TASK TO COMPLETE — The copy you give must match the records exactly, except that it holds no images.

#####

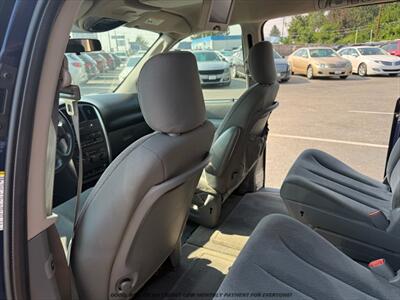 2005 Chrysler Town and Country Touring   - Photo 13 - Garden City, ID 83714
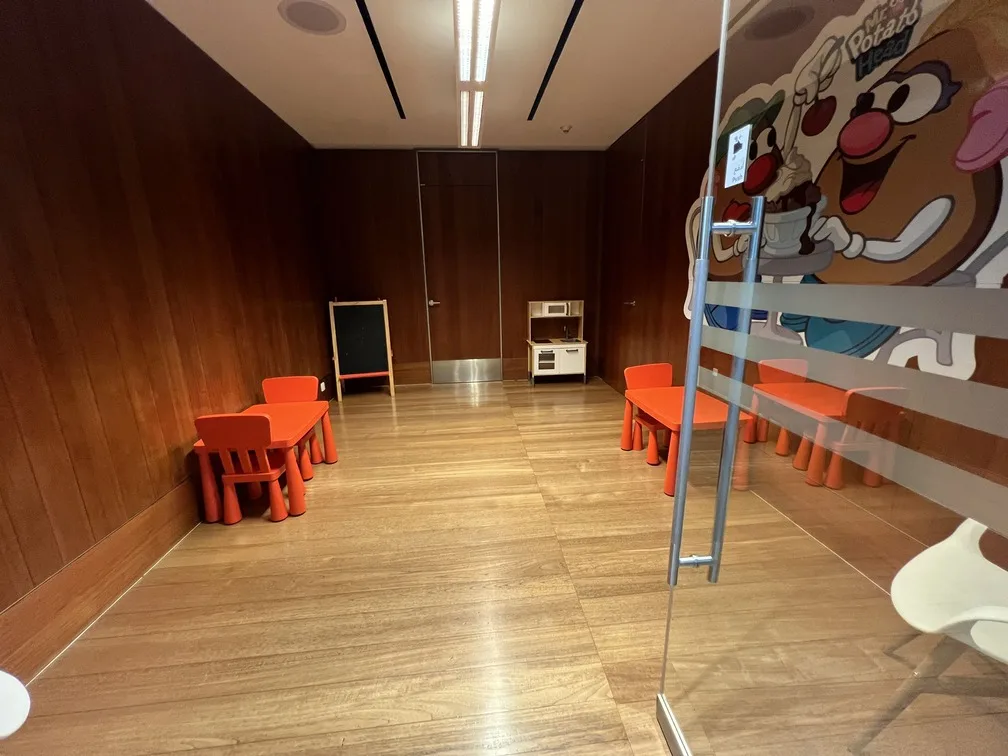 Sala VIP Al Mourjan aerea de criancas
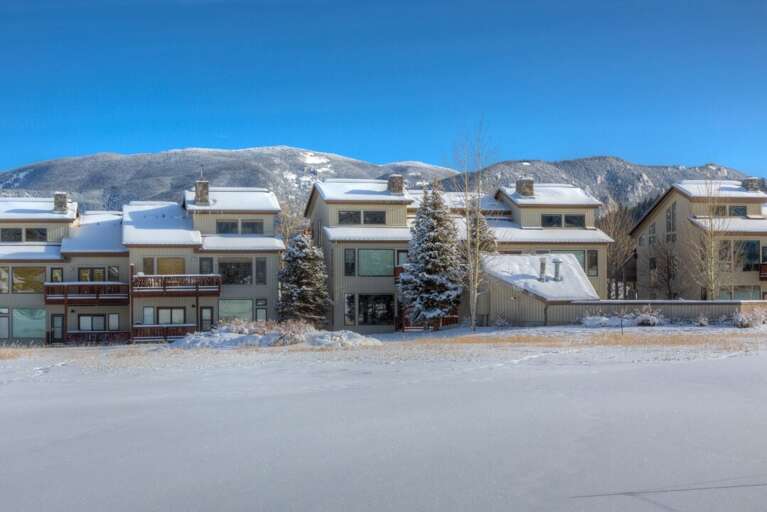 Grab your cross country skis and go for an adventure | Exterior Grab your cross country skis and go for an adventure | Exterior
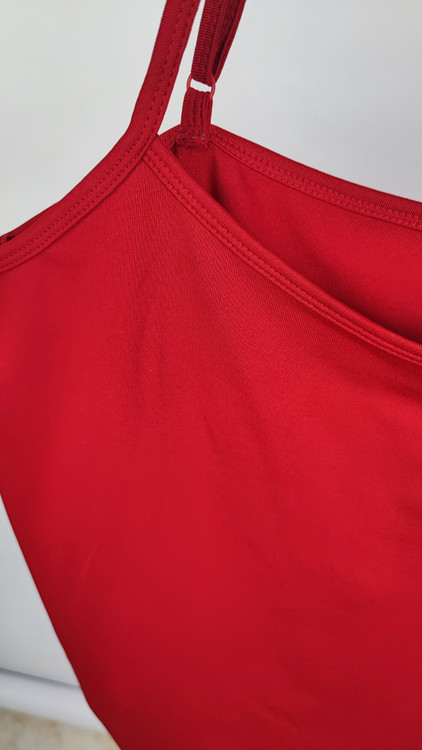 تاپ قرمز زنانه وارداتی استوک بند سوزنی با تنخور عالی و پارچه لطیف گرید A فروشگاه زرماه گالری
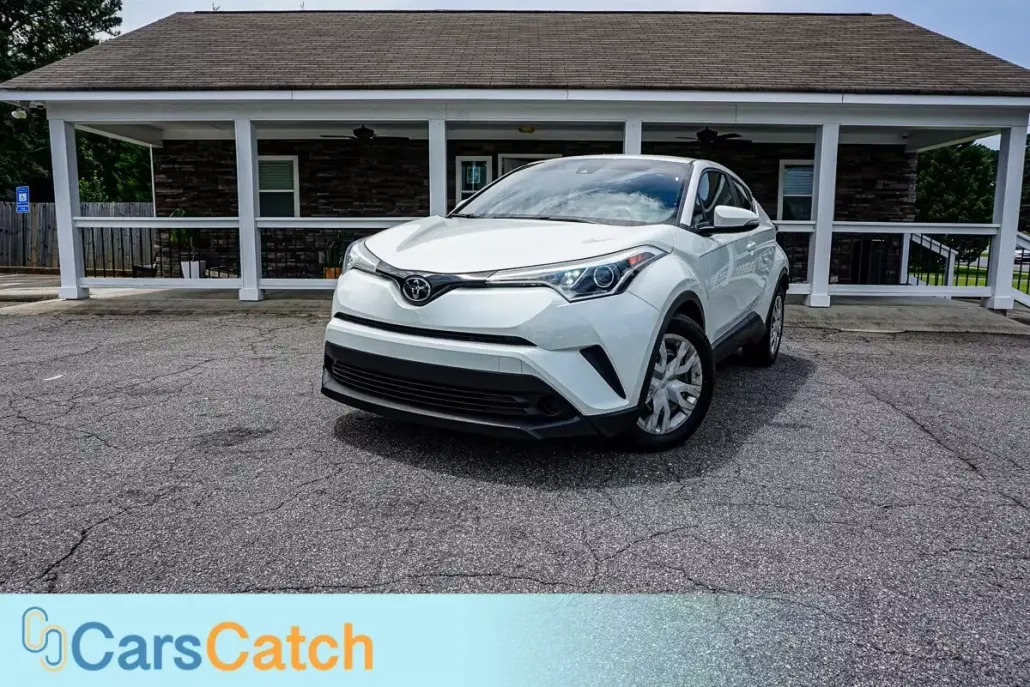2019 Toyota C-HR XLE photo 1
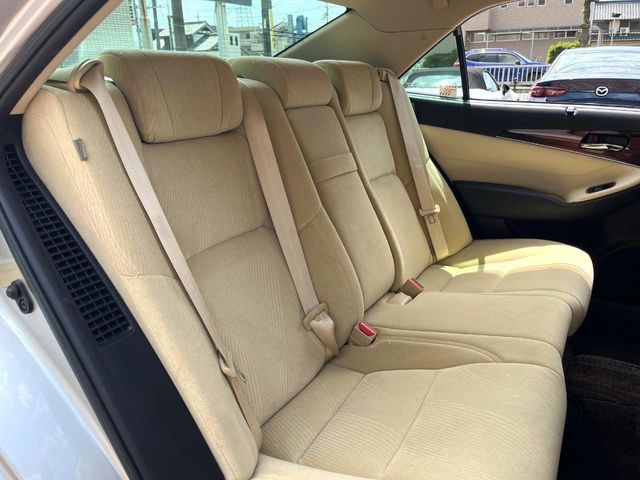 CROWN sedan hybrid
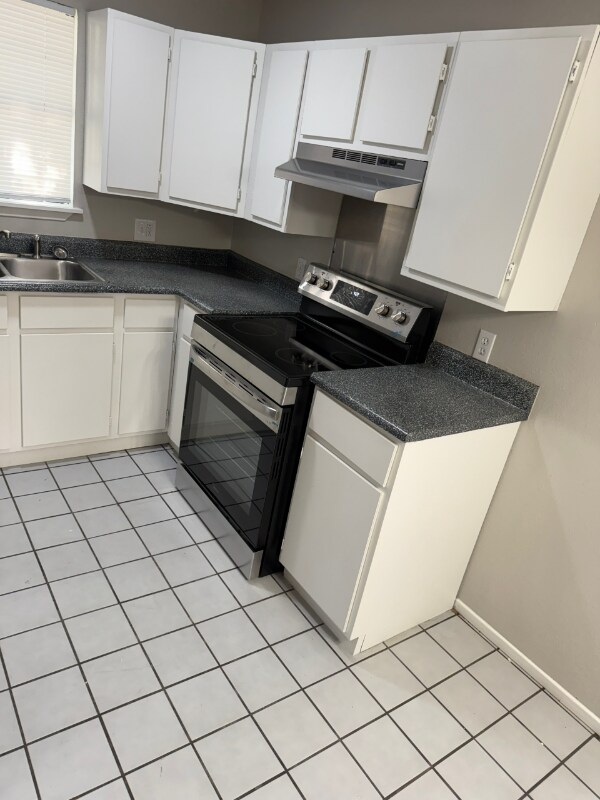 Primary Photo - 927 W Formosa Blvd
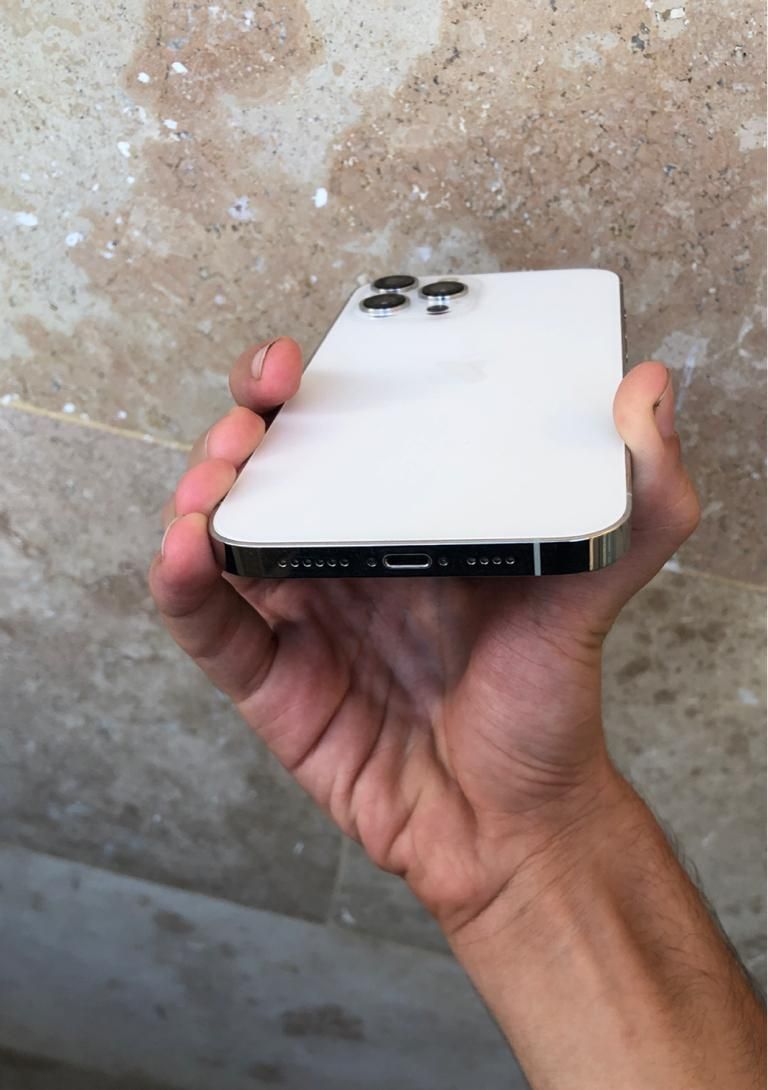 اپل iPhone 12 Pro Max با حافظهٔ ۲۵۶ گیگابایت|موبایل|تهران, جمهوری|دیوار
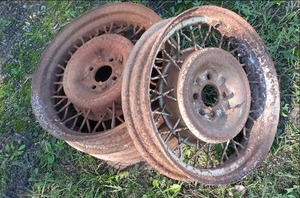 lot 28 image: Lot of (4) Vintage Automotive Rims ...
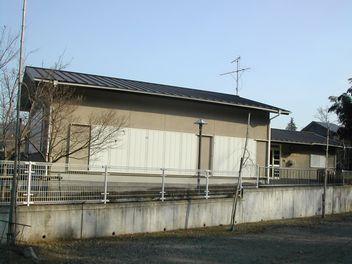 白い柵に囲まれた平屋建ての荻野久保老人憩の家の写真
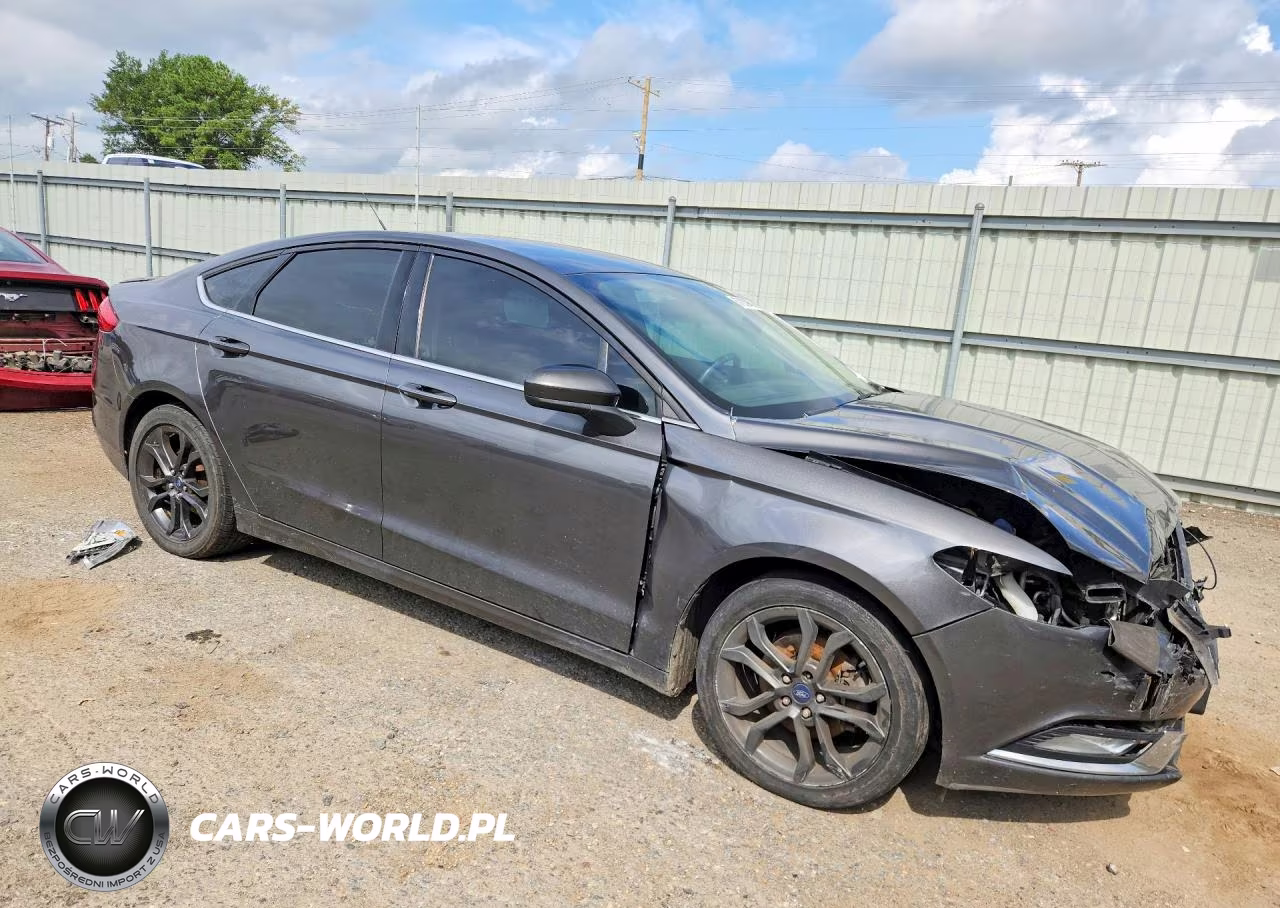 2018 Ford Fusion Se VIN:3FA6P0HD2JR112657 - 4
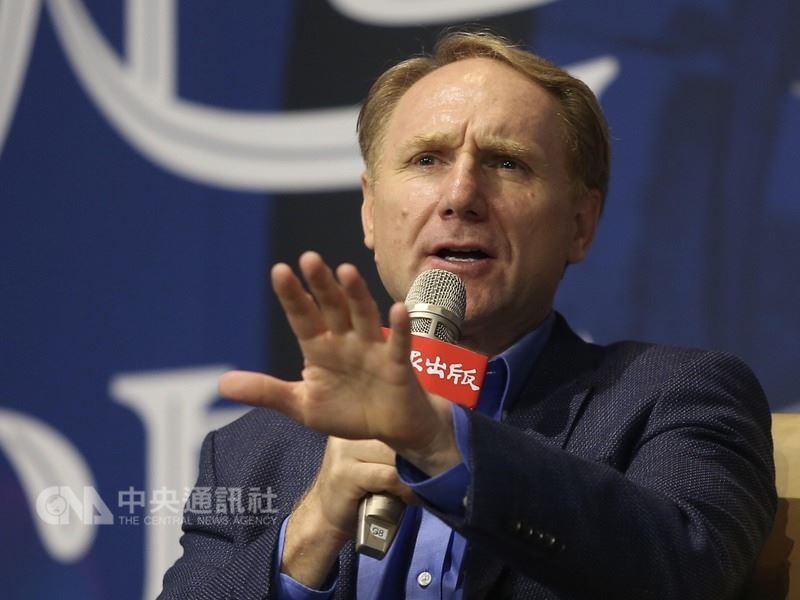 美國暢銷書作家丹.布朗(Dan Brown)訪台,25日在台北出席媒體見面會,分享新作品「起源」的創作理念。中央社記者徐肇昌攝 107年5月25日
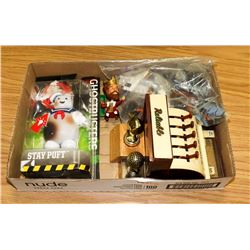 FLAT OF COLLECTIBLES, CASH REGISTER, LEGO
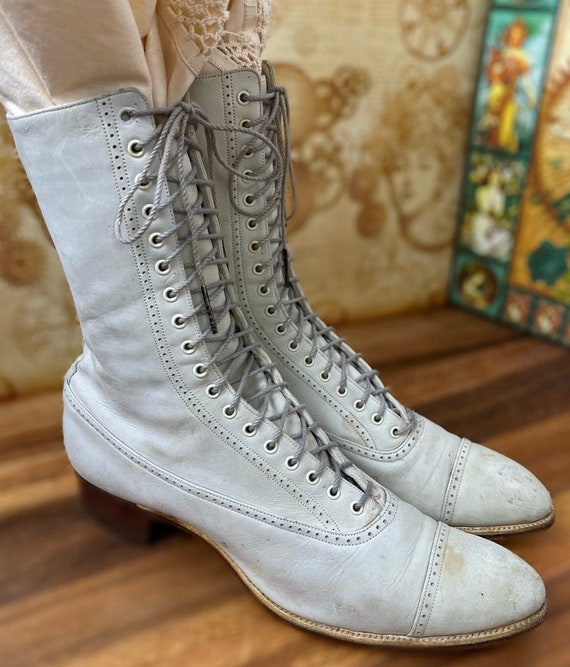 1910s Antique Edwardian Granny Boots~Off White Lea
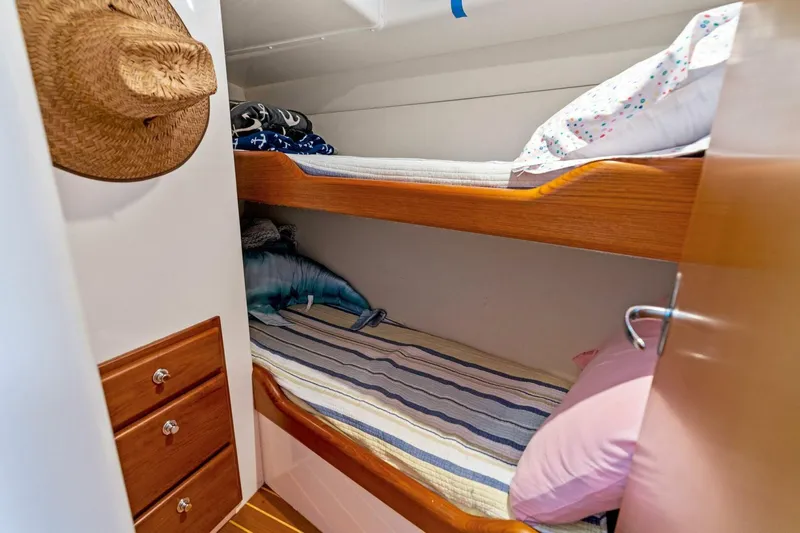 Reel Estate Yacht Photos Pics 2005 Cabo 35 Flybridge 'Reel Estate'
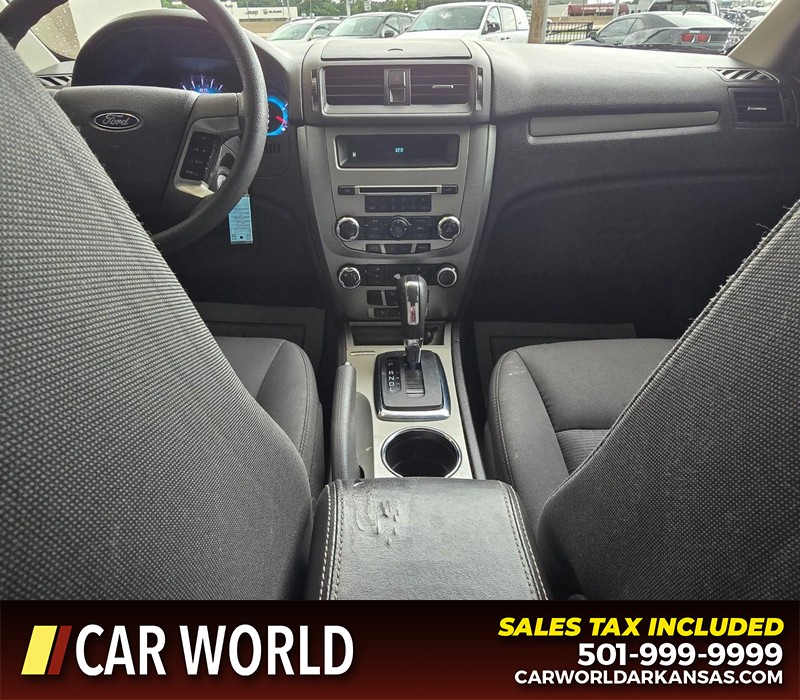 Ford Fusion Vehicle Full-screen Gallery Image 18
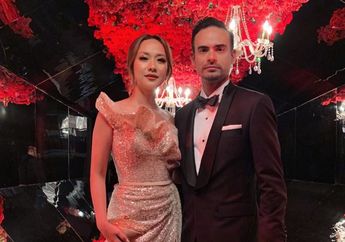 Jadi Istri Idaman, Perlakuan Manis BCL Pijit Kaki Ashraf Sinclair Sambil Masak Jadi Sorotan!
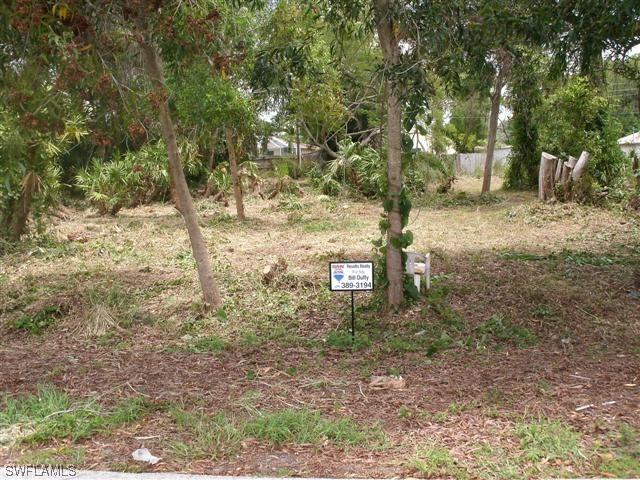 745 109th Ave., Naples, FL 34109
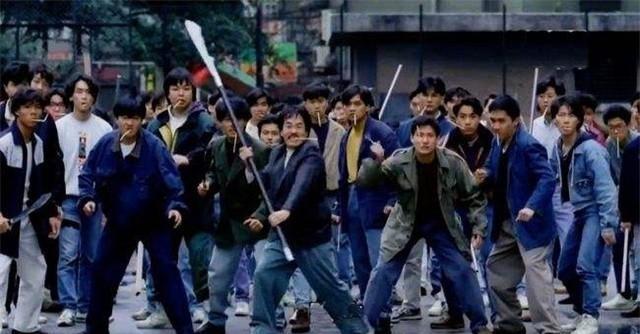 1997年香港回归，那些黑帮都去哪了？
首先得说，黑帮这玩意儿，它是特定土壤里长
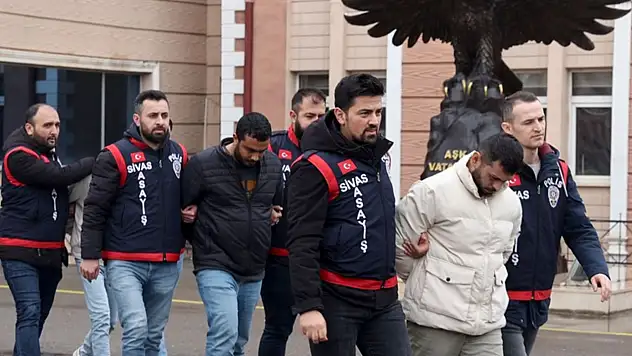 Dolandırıcılık Operasyonunda 4 Gözaltı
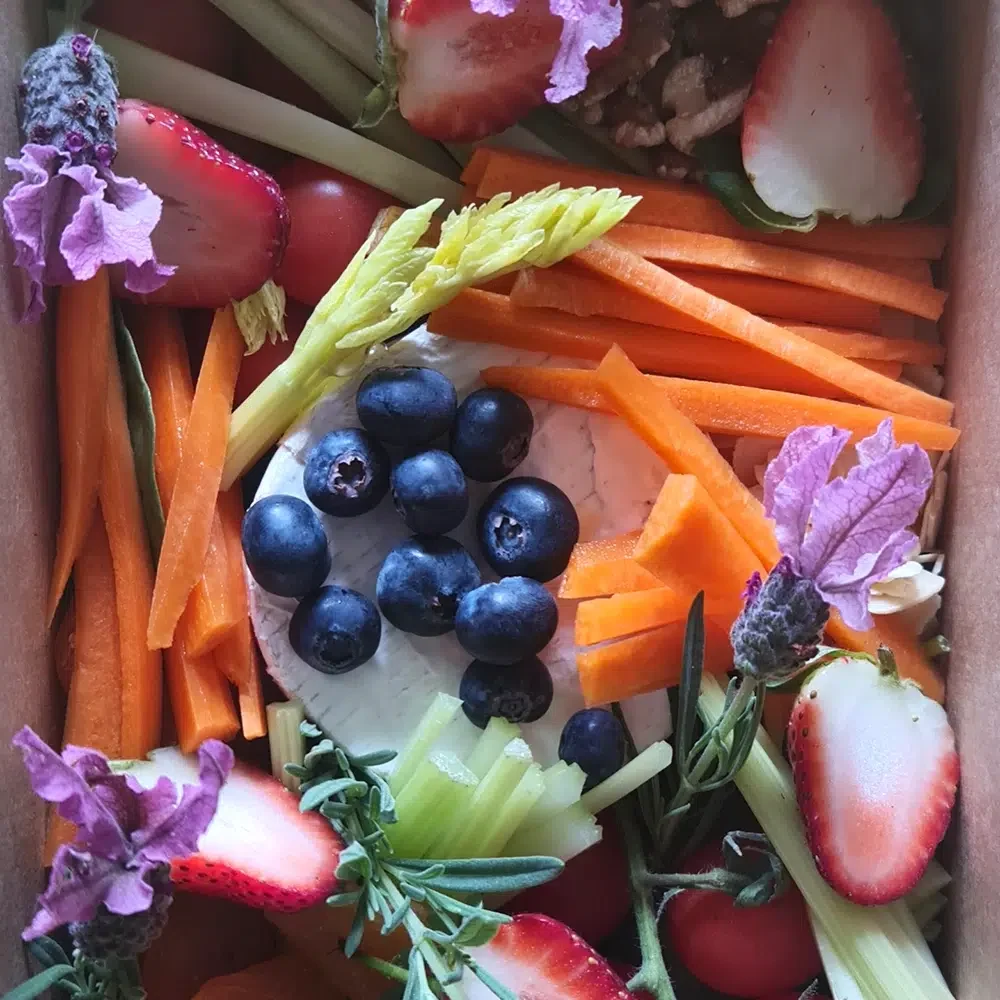 Fresh-Salad-Food-Box-SQ-1.webp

#####

EXERCISE SOLUTION —
 2005 Chrysler Town and Country Touring   - Photo 13 - Garden City, ID 83714
 Sala VIP Al Mourjan aerea de criancas
 Grab your cross country skis and go for an adventure | Exterior Grab your cross country skis and go for an adventure | Exterior
 تاپ قرمز زنانه وارداتی استوک بند سوزنی با تنخور عالی و پارچه لطیف گرید A فروشگاه زرماه گالری
2019 Toyota C-HR XLE photo 1
 CROWN sedan hybrid
 Primary Photo - 927 W Formosa Blvd
 اپل iPhone 12 Pro Max با حافظهٔ ۲۵۶ گیگابایت|موبایل|تهران, جمهوری|دیوار
 lot 28 image: Lot of (4) Vintage Automotive Rims ...
 白い柵に囲まれた平屋建ての荻野久保老人憩の家の写真
 2018 Ford Fusion Se VIN:3FA6P0HD2JR112657 - 4
 美國暢銷書作家丹.布朗(Dan Brown)訪台,25日在台北出席媒體見面會,分享新作品「起源」的創作理念。中央社記者徐肇昌攝 107年5月25日
 FLAT OF COLLECTIBLES, CASH REGISTER, LEGO
 1910s Antique Edwardian Granny Boots~Off White Lea
 Reel Estate Yacht Photos Pics 2005 Cabo 35 Flybridge 'Reel Estate'
 Ford Fusion Vehicle Full-screen Gallery Image 18
 Jadi Istri Idaman, Perlakuan Manis BCL Pijit Kaki Ashraf Sinclair Sambil Masak Jadi Sorotan!
 745 109th Ave., Naples, FL 34109
 1997年香港回归，那些黑帮都去哪了？
首先得说，黑帮这玩意儿，它是特定土壤里长
 Dolandırıcılık Operasyonunda 4 Gözaltı
 Fresh-Salad-Food-Box-SQ-1.webp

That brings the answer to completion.